LLM-Assisted Web Measurements
Simone Bozzolan, Stefano Calzavara, Lorenzo Cazzaro
TL;DR
This work addresses the lack of labeled data in web measurement datasets by leveraging Large Language Models (LLMs) to automatically classify websites for targeted studies. It builds a curated benchmark across three tasks—governmental website detection, country attribution, and website category—and evaluates three LLMs (Gemini 2.5 Flash, Llama 4, Gemma 3) with URL-only and URL+screenshots prompts. The results show strong classification performance, with Gemini often outperforming self-hosted models, and demonstrate LLM-assisted web measurements that reproduce key privacy and security findings from prior work, such as SSO privacy risks and governmental tracking patterns. The study provides datasets, prompts, and a reproducible workflow that enables scalable, semantics-aware web measurement research with practical implications for privacy, governance, and measurement methodology.
Abstract
Web measurements are a well-established methodology for assessing the security and privacy landscape of the Internet. However, existing top lists of popular websites commonly used as measurement targets are unlabeled and lack semantic information about the nature of the sites they include.
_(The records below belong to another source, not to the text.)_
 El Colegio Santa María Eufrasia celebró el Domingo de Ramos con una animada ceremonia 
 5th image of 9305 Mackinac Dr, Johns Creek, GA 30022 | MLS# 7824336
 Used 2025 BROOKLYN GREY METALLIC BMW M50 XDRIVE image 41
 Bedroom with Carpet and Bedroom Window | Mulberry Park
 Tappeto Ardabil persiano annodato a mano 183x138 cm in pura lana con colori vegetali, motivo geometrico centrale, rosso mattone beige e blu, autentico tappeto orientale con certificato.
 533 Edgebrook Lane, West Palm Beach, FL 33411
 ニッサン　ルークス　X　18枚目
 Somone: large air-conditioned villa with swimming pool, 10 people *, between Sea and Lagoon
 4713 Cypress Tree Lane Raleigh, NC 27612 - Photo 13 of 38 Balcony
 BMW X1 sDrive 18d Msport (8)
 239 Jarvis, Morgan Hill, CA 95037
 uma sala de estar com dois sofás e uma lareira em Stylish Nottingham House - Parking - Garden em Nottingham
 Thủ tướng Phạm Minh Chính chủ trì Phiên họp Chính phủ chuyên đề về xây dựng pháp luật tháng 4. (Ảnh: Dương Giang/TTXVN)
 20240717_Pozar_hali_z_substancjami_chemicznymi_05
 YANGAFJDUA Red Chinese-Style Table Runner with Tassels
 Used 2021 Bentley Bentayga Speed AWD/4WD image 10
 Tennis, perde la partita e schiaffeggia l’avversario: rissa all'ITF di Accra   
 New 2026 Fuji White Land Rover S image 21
This limitation makes targeted measurements challenging, as researchers often need to rely on ad-hoc techniques to bias their datasets toward specific categories of interest. In this paper, we investigate the use of Large Language Models (LLMs) as a means to enable targeted web measurement studies through their semantic understanding capabilities. Building on prior literature, we identify key website classification tasks relevant to web measurements and construct datasets to systematically evaluate the performance of different LLMs on these tasks. Our results demonstrate that LLMs may achieve strong performance across multiple classification scenarios. We then conduct LLM-assisted web measurement studies inspired by prior work and rigorously assess the validity of the resulting research inferences. Our results demonstrate that LLMs can serve as a practical tool for analyzing security and privacy trends on the Web.